→ DATA SUPPLIED
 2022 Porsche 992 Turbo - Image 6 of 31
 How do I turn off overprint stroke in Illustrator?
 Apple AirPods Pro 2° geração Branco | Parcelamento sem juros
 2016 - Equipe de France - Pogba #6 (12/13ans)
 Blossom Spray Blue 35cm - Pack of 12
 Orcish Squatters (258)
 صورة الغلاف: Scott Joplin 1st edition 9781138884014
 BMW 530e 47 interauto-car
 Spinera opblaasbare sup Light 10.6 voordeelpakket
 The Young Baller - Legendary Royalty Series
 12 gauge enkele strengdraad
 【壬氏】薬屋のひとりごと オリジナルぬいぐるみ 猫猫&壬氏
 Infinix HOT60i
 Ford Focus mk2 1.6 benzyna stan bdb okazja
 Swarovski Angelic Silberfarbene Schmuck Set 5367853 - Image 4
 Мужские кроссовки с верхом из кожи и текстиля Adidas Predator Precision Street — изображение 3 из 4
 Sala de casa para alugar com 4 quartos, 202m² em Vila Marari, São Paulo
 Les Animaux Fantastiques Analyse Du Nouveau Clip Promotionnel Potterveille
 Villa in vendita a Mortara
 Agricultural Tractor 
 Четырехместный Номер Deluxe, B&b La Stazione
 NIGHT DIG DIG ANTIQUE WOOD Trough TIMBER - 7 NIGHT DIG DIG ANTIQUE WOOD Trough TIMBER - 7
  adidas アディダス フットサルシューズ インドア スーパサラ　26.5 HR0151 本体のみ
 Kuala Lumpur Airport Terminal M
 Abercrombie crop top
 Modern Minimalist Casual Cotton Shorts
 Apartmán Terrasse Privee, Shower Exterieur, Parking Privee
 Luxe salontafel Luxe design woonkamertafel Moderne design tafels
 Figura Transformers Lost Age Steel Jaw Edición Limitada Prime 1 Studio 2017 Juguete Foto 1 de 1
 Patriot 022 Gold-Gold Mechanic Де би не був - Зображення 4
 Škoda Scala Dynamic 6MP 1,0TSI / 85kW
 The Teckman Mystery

→ YOUR INSTRUCTIONS
Would you print exactly and only the lines of the material above that run from the line with "Мужские кроссовки с" through the line with "Les Animaux Fantastiques", both included?

→ ANSWER AREA
 Мужские кроссовки с верхом из кожи и текстиля Adidas Predator Precision Street — изображение 3 из 4
 Sala de casa para alugar com 4 quartos, 202m² em Vila Marari, São Paulo
 Les Animaux Fantastiques Analyse Du Nouveau Clip Promotionnel Potterveille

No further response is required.